Lido becomes less centralized by making its node operator set permissionless. During the lifecycle of a crypto project, a protocol will typically start with heavy elements of centralization, ranging from core developers holding control over the direction of the project, sometimes in the form of fundraising to delaying a protocol’s token generation event that aims to introduce governance mechanisms for those in the community. 

Eventually, founders and core members of a protocol would introduce decentralization initiatives, such as implementing onchain voting processes or making node operation permissionless such as the case with Lido. 

SEC’s Focus on Consensys and Lido

Although, like most DeFi projects, Lido has had a roadmap to decentralization for a while, the initiative comes several days after the SEC charged Consensys for offering and selling unregistered securities, namely Lido and Rocket Pool’s liquid staking tokens, through Metamask, a crypto wallet where people can stake and swap cryptocurrencies. 

Consensys, which is also a node operator for Lido, “has offered and sold tens of thousands of unregistered securities on behalf of liquid staking program providers Lido and Rocket Pool, who created and issue liquid staking tokens (called stETH and rETH) in exchange for staked assets,” the SEC’s press release states

Read More: Could the SEC Have a Case Against Liquid Staking Protocols?

The complaint calls Lido and Rocket Pool issuers of unregistered securities, alleging that their staking programs “are each offered and sold as investment contracts and, therefore, securities.” 

Following the prongs of the so-called Howey test, which, since a 1946 court case, has been the legal measure to determine whether an investment is a securities offering, the agency said these liquid staking tokens meet the criteria. 

In its press release it said, the buyers of LSTs “make an investment of ETH in a common enterprise with a reasonable expectation of profits from the managerial efforts of Lido and Rocket Pool, respectively.” However, neither Lido nor Rocket Pool has filed registrations to offer these securities with the SEC. 

With the fourth prong of the Howey test being “the managerial efforts of others,” crypto projects have sought to be decentralized enough that such a third party could not be easily named. 

When Unchained reached out to the founders and key members of Lido in May for commentary on whether the SEC took action against the liquid staking provider or contacted them about stETH, Unchained did not receive a response. According to a snapshot vote taken in Aug. 2022, Eric Hill, who goes by @Rotorless on X, is Lido’s head of legal and general counsel. However, when Unchained contacted Hill for commentary, he said he did not hold that position anymore and wasn’t “the right person to talk to.”

After the SEC’s lawsuit against Consensys, when Unchained highlighted SEC’s claims that stETH is an unregistered security, Lido marketing lead Kasper Rasmussen said, “We’re on it,” but did not provide additional insights. 

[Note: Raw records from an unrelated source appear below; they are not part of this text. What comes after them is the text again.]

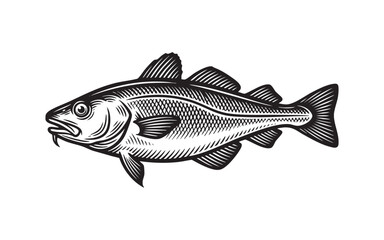 cod fish Engraving Vector Illustration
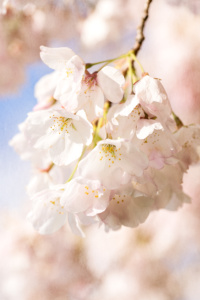 Spring Cherry Blossoms Close Up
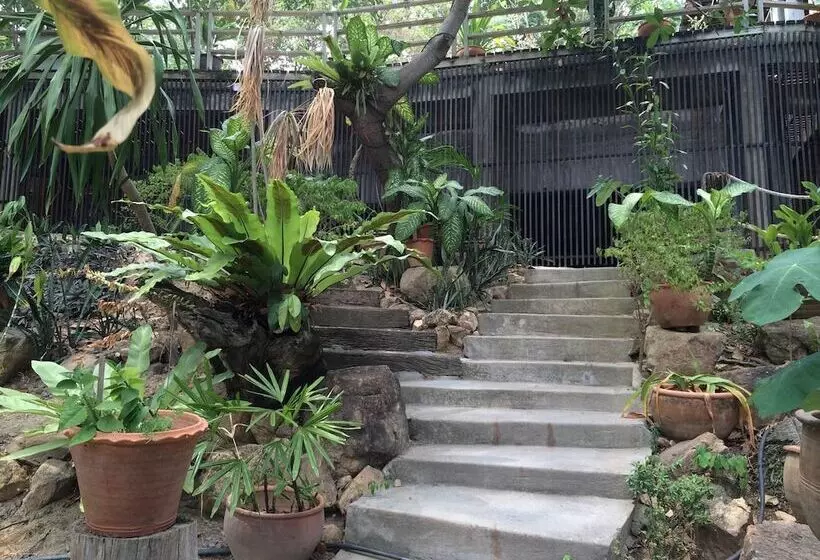 Fotos del hotel Chaweng Park Place:  19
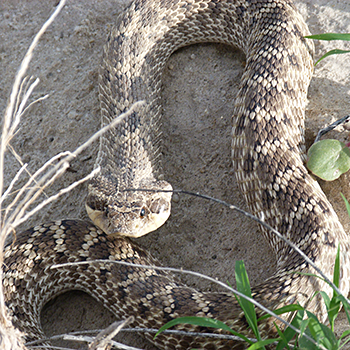 Mexican Hognose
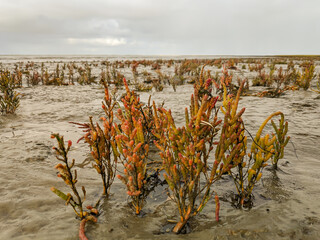 Salzwiese im Wattenmeer 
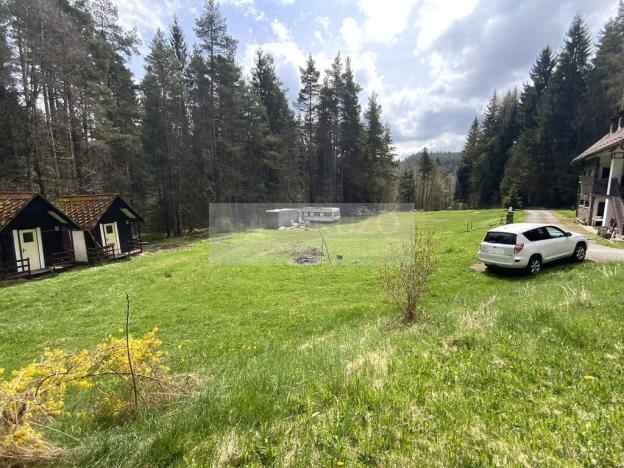 Prodej vícegeneračního domu, Zbytiny - Blažejovice, 453 m2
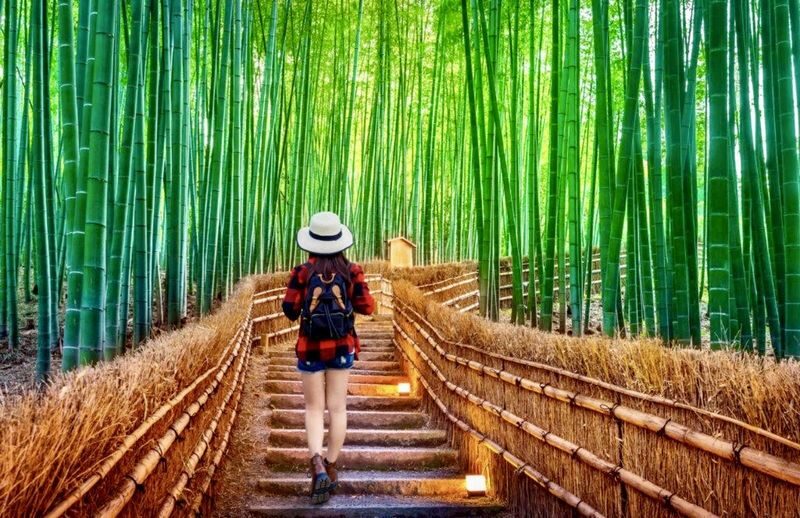 Kyoto & Nara Full-Day Private Customizable Tour - Is $384.69 good value?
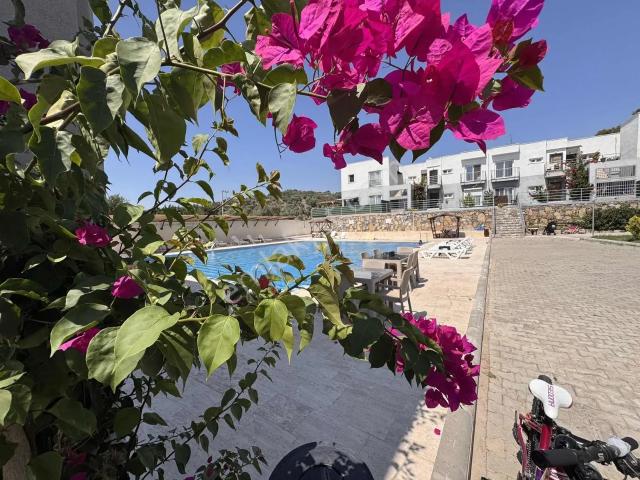 Milas, Muğla içerisinde satılık mülk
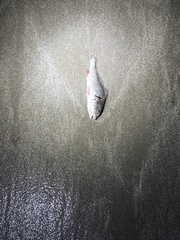 Sciaenidae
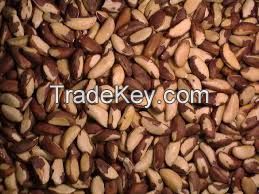 Brazil Nuts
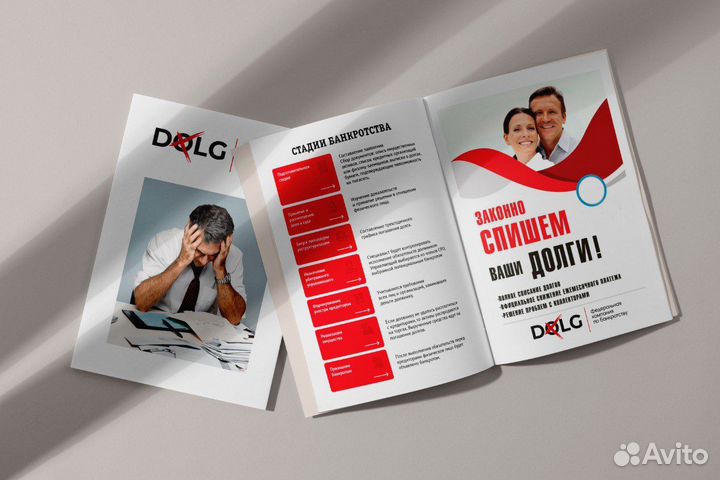 Франшиза юридического бизнеса по списанию долгов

LDO, the governance token for Lido, has decreased 6.3% in the past 24 hours and 19.7% over the last 30 days to trade at $1.92, making its market cap stand at $1.7 billion, per CoinGecko

UPDATE (July 3, 2024, 3:08 p.m. ET): Added clarification on the timeline for Lido’s plan to make the process to become a node validator permissionless, as well as the way Lido founders and key members responded to queries about regulatory issues when Unchained reached out to them in May.